__Data for the task__
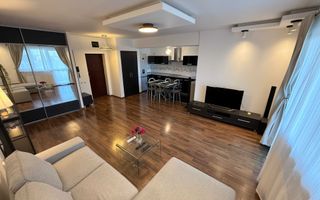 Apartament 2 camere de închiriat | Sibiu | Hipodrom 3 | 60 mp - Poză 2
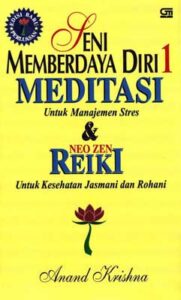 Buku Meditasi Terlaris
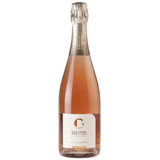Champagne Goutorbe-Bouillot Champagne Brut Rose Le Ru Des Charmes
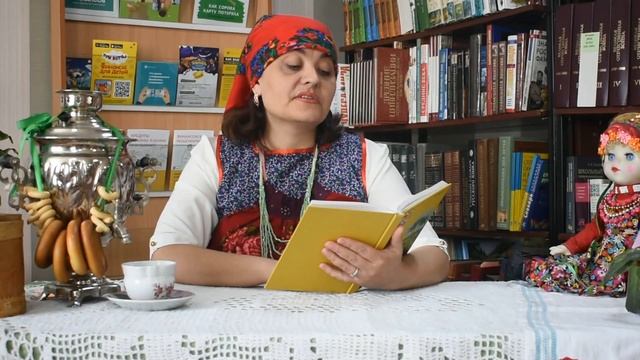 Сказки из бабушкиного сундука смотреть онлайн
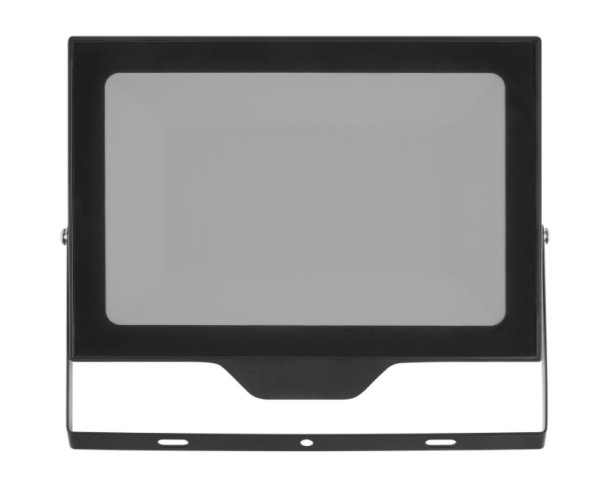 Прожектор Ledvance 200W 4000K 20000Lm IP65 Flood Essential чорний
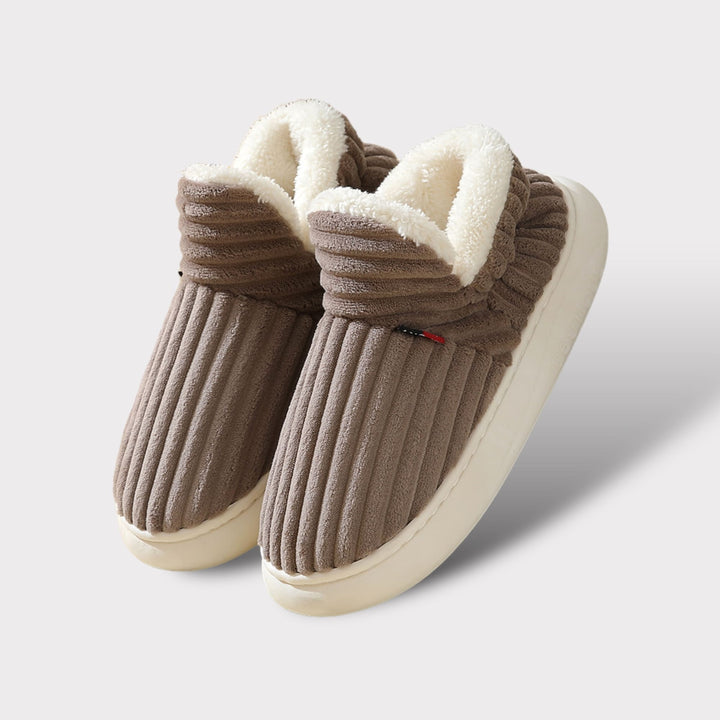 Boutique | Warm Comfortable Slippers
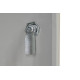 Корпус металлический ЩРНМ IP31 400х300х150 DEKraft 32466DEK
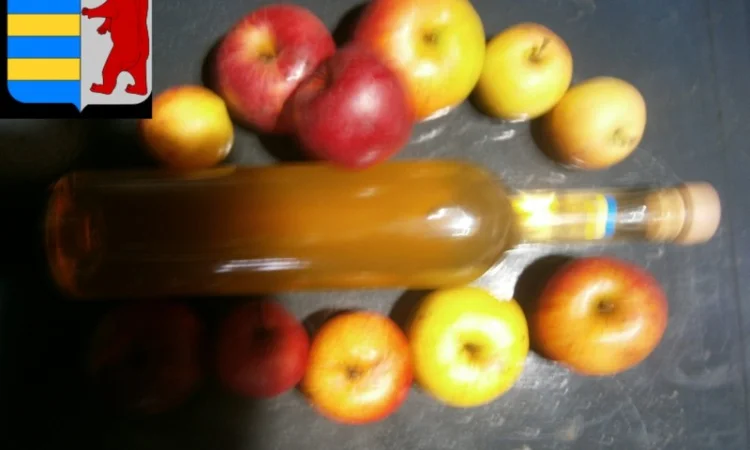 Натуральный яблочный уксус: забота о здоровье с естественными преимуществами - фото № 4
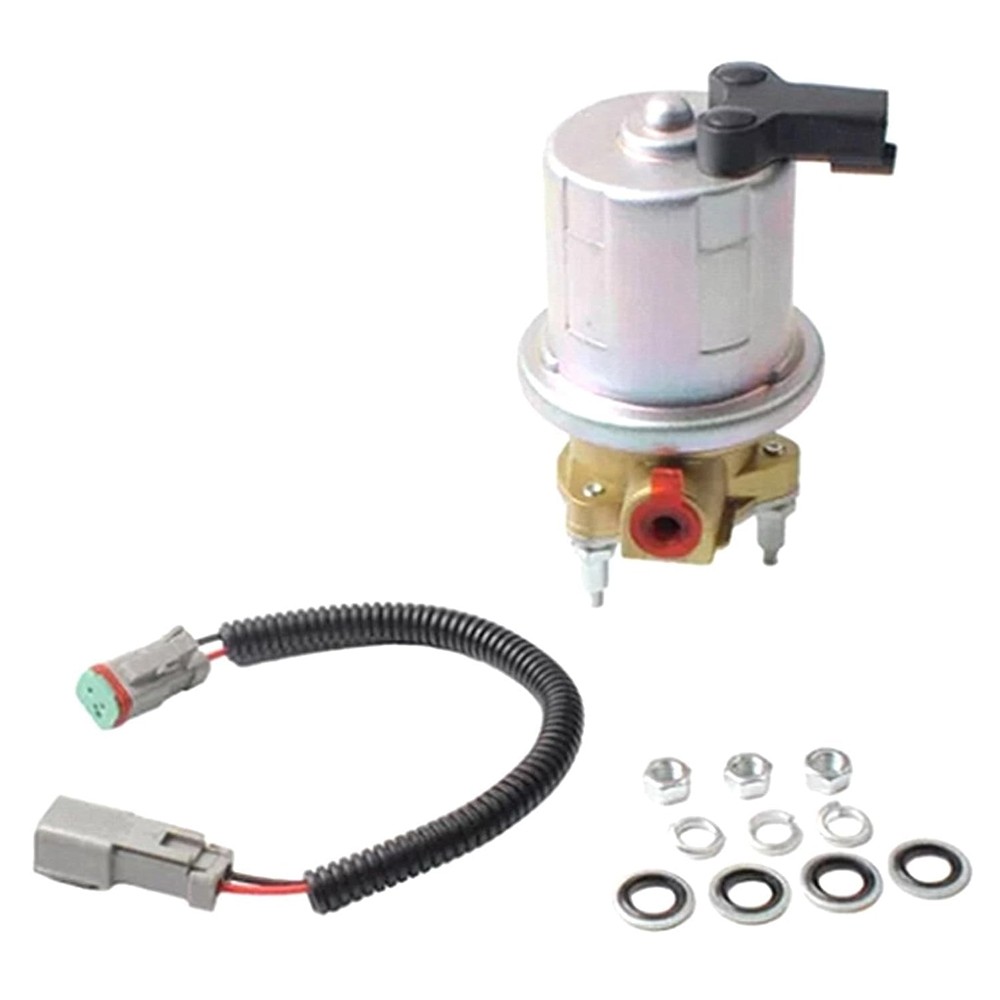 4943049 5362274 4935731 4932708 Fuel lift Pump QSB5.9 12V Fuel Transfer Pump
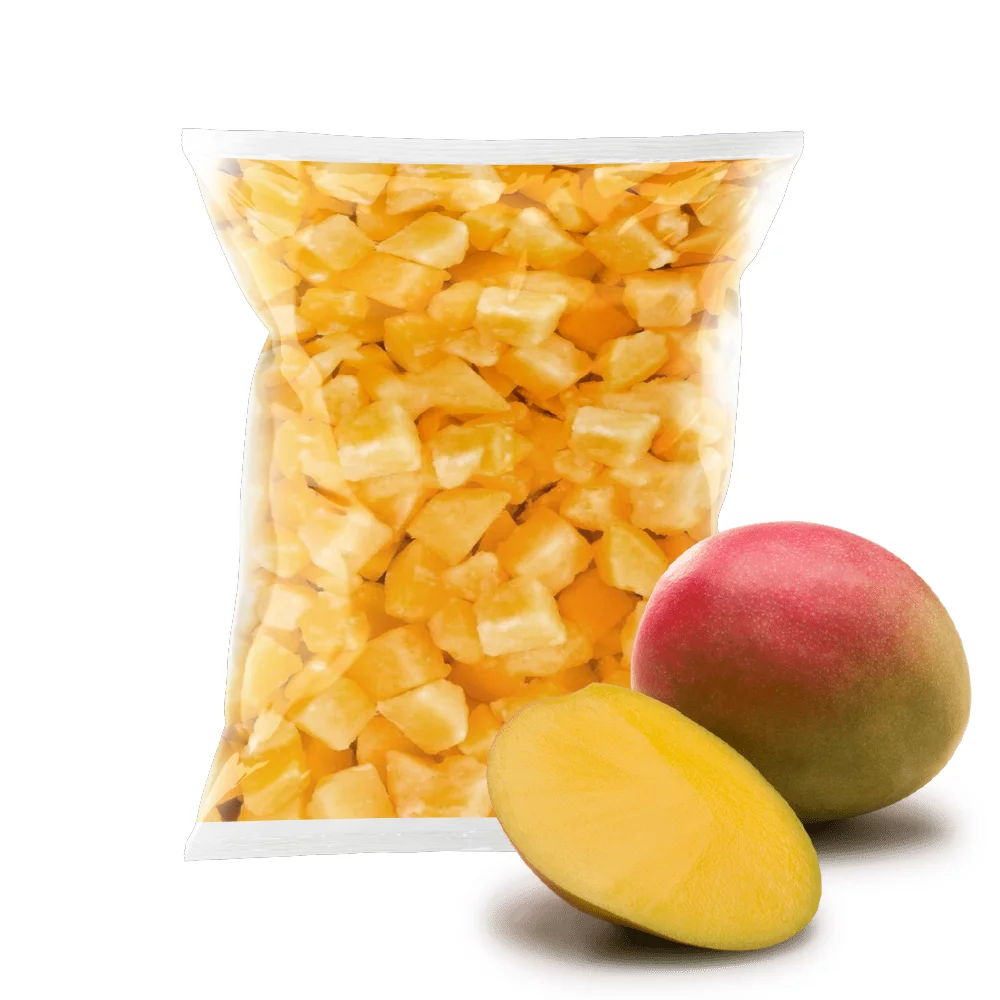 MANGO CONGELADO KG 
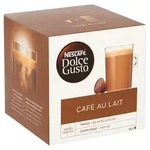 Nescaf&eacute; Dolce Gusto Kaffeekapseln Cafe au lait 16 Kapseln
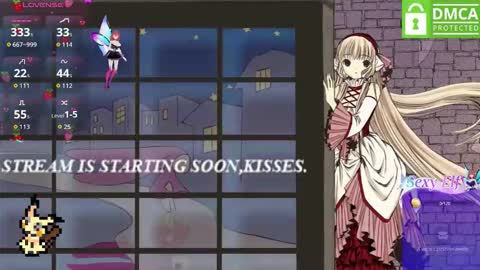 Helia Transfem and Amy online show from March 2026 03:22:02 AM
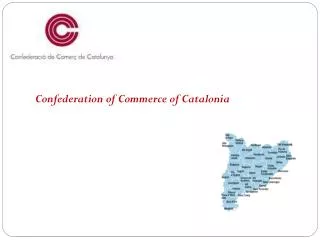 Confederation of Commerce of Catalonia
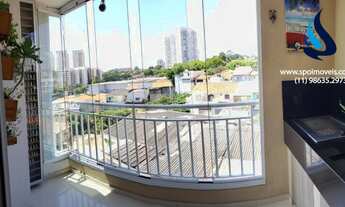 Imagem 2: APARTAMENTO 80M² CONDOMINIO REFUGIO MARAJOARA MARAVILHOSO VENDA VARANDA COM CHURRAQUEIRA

__Activity__
Each line from the one with "Boutique | Warm Comfortable Slippers" through the final line of the records must be copied exactly, with no pictures and no additional lines.

__Solution__
 Boutique | Warm Comfortable Slippers
 Корпус металлический ЩРНМ IP31 400х300х150 DEKraft 32466DEK
 Натуральный яблочный уксус: забота о здоровье с естественными преимуществами - фото № 4
 4943049 5362274 4935731 4932708 Fuel lift Pump QSB5.9 12V Fuel Transfer Pump
 MANGO CONGELADO KG 
 Nescaf&eacute; Dolce Gusto Kaffeekapseln Cafe au lait 16 Kapseln
 Helia Transfem and Amy online show from March 2026 03:22:02 AM
 Confederation of Commerce of Catalonia
 Imagem 2: APARTAMENTO 80M² CONDOMINIO REFUGIO MARAJOARA MARAVILHOSO VENDA VARANDA COM CHURRAQUEIRA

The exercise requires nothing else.